Optimize jabber_id_new()

View: New views
9 Messages — Rating Filter:   Alert me  

Optimize jabber_id_new()

by Mark Doliner :: Rate this Message:

Reply (Restricted by the Administrator) | Reply to Author | View Threaded | Show Only this Message

The jabber_id_new() function in libpurple/protocols/jabber/jutil.c is
pretty expensive.  It creates a JabberID struct given the string
version of a Jabber username (i.e. it splits
"mark.doliner@.../Home" into "mark.doliner" "gmail.com" and
"Home").  It also lowercases the node and domain, does utf8
normalization, and does stringprep validation to ensure the JID is
comprised only of characters allowed by the XMPP RFC.

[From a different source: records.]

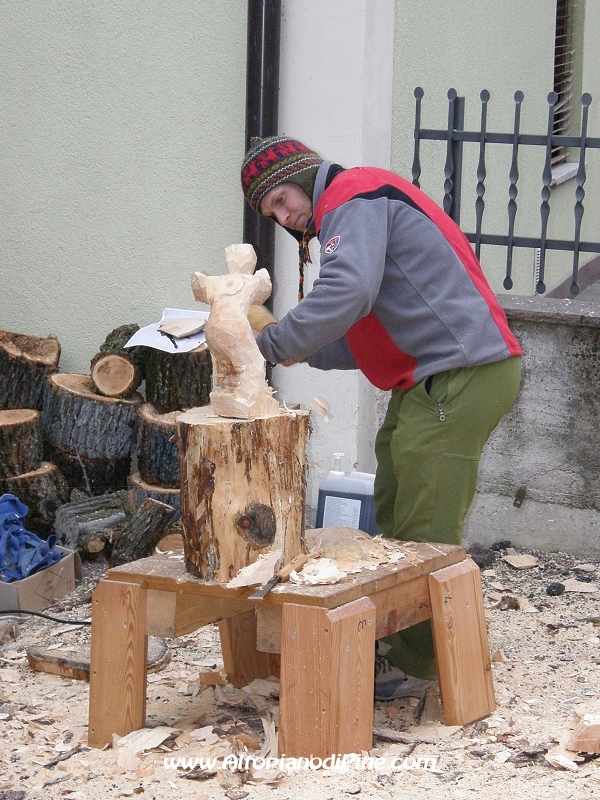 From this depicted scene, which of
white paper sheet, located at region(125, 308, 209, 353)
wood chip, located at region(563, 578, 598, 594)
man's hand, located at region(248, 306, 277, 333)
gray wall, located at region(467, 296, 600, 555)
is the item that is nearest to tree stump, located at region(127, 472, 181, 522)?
white paper sheet, located at region(125, 308, 209, 353)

We've optimized this function at Meebo.  In our testing we found that
the vast majority of JIDs are made of these characters: a-z A-Z 0-9 @
/ { | } ~ . [ \ ] ^ _ ;  And so we do a quick first pass over the
given string.  If the string contains only these characters than we
skip g_utf8_normalize() and skip stringprep and only lowercase the
node and domain.  Otherwise we do everything.

How do people feel about me checking this change into the jabber code
in libpurple?  Meebo probably has a larger percentage of
English-speaking users than Pidgin, so maybe our results are unfairly
biased.  Does anyone know how common non-ASCII JIDs are?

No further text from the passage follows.